Observation 2: Temperature and Humidity are Negatively Correlated
Analyzing the Q-Q Plots uncovered that temperature and Humidity are negatively correlated, while the trends of the other two factors are ambiguous. In order to prove this observation, I added another density plot to see whether the correlation still exists.
For the reason that the plots show how humidity is correlated with temperature, I have wondered does it influence or influenced by global warming, and I did some simple research. According to an article posted on Yale Environment 360, a recent study indicated that climate change can also increase humidity, and the heatwaves’ effect can eventually magnify by the increased humidity and will be harmful to people who work outdoors. (E360 Digest) Another article on seeker.com introduced a concept called “wet bulb”, which is the combined effect of heat and wet. The article quoted a US National Oceanic and Atmospheric Administration’s explanation, “a temperature of 92 degrees Fahrenheit will feel like 94 degrees, at a relative humidity level of 40 percent. But it will feel like a scorching 131 degrees if relative humidity is 90 percent.” (Walters)

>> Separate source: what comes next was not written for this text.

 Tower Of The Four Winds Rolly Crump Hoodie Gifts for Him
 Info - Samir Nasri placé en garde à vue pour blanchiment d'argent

Since humidity is such an important factor to climate change, I was curious whether my dataset can reveal its increasing. I then created the histograms below. However, neither the monthly chart nor the yearly chart is proving the fact that humidity is increasing in those four years. It might because there were not enough years were included in this plot, which could cause bias, especially when I noticed that humidity is actually increasing in the first three years.

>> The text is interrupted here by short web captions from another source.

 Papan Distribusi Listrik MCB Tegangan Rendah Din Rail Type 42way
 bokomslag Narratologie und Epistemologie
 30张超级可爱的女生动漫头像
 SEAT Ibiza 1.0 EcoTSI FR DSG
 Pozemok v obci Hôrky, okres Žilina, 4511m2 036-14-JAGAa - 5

At the beginning of this project, the hardest thing for me was to formulate proper questions to ask. I started with playing Tableau and obsessed with the different possible patterns that can be generated with my dataset. However, without a meaningful question, the visualizations are useless. I eventually deleted my favorite visualization from the storyboard, which shows the New York City weather in the four years. I found the visualization aesthetically pleasing and kept it in my story until the last minute. When I asked my professor Dr.Sula about my confusion, he stated that analysis and design are equally important in data visualization, and “both are less without each other”. Although I totally agree with this view, it was hard to satisfy both aspects in actual practice.
When I asked my professor Dr.Sula about my confusion, he stated that analysis and design are equally important in data visualization, and “both are less without each other”. Although I totally agree with this view, it was hard to satisfy both aspects in actual practice.

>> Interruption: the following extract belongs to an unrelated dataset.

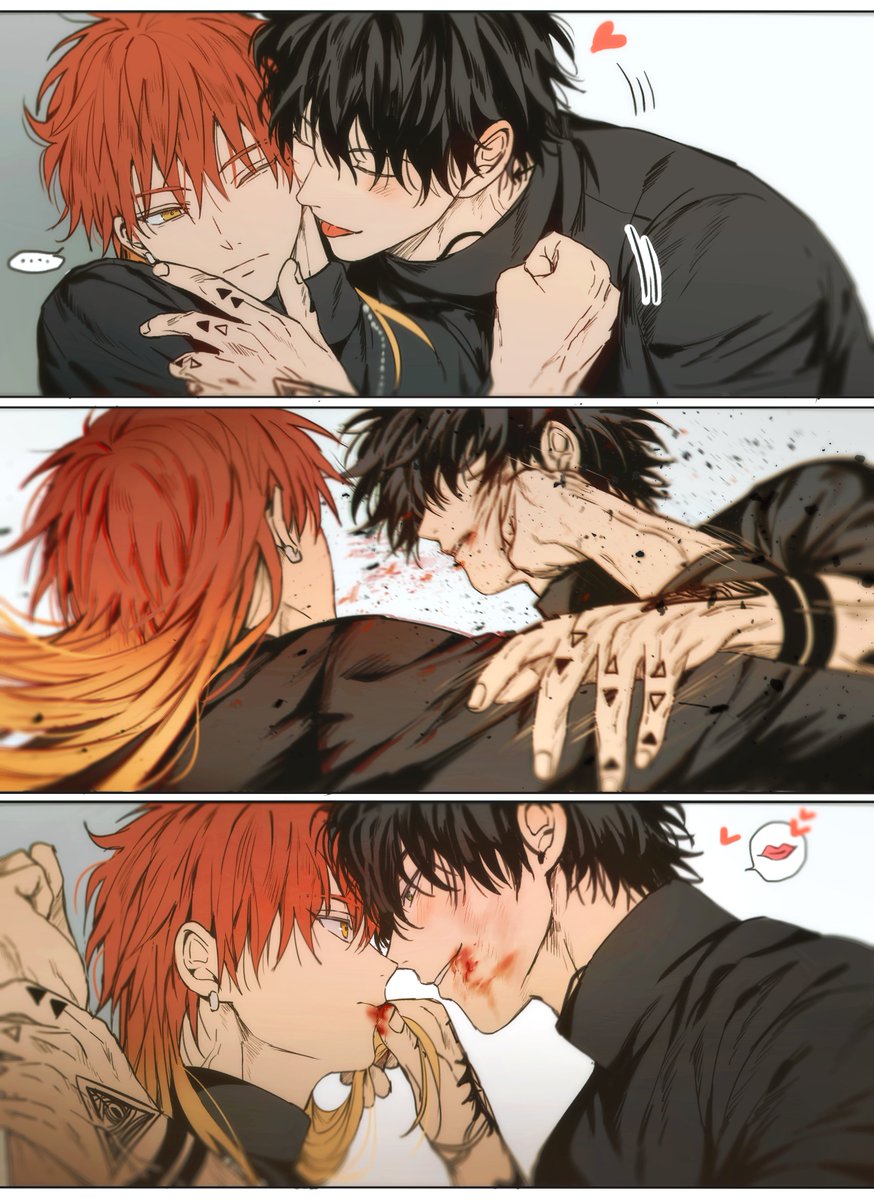 엔도-치카 
#WINDBREAKER #ウィンブレ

On the other hand, Tableau has many functions, and I used only a small portion of them in this project. One reason is that I am still confusing about the proper usage of dimension, attribute, and measures. Although the article Dimensions and Measures, Blue and Green has introduced their differences clearly, for me it still requires a lot of practice to really understand when to use which.
In addition, the dataset I adopted includes a lot more variables than I actually used in this project. One example is the weather description. This variable determined what’s the weather like in each hour. However, since its values are qualitative, the data is relatively messier and some description are very ambiguous. It requires a lot more time to cluster them. If I got a chance to keep working on this project, adding this variable to my visualization will be very interesting.
Last but not least, it is worth mentioning that in the class critique, Pou Yang pointed out that some headers of my visualization are overlapped, which causes confusion. What’s more, by observing her operation, I found some of my headers are actually misleading. Although these are minor details, they can significantly affect audience’s understanding.
In summation, through this project, I successfuly started my exploration on Tableau and chart design. However, there are still a plenty to learn before I can create professional data visualizations, and I should start with formula insightful questions of data.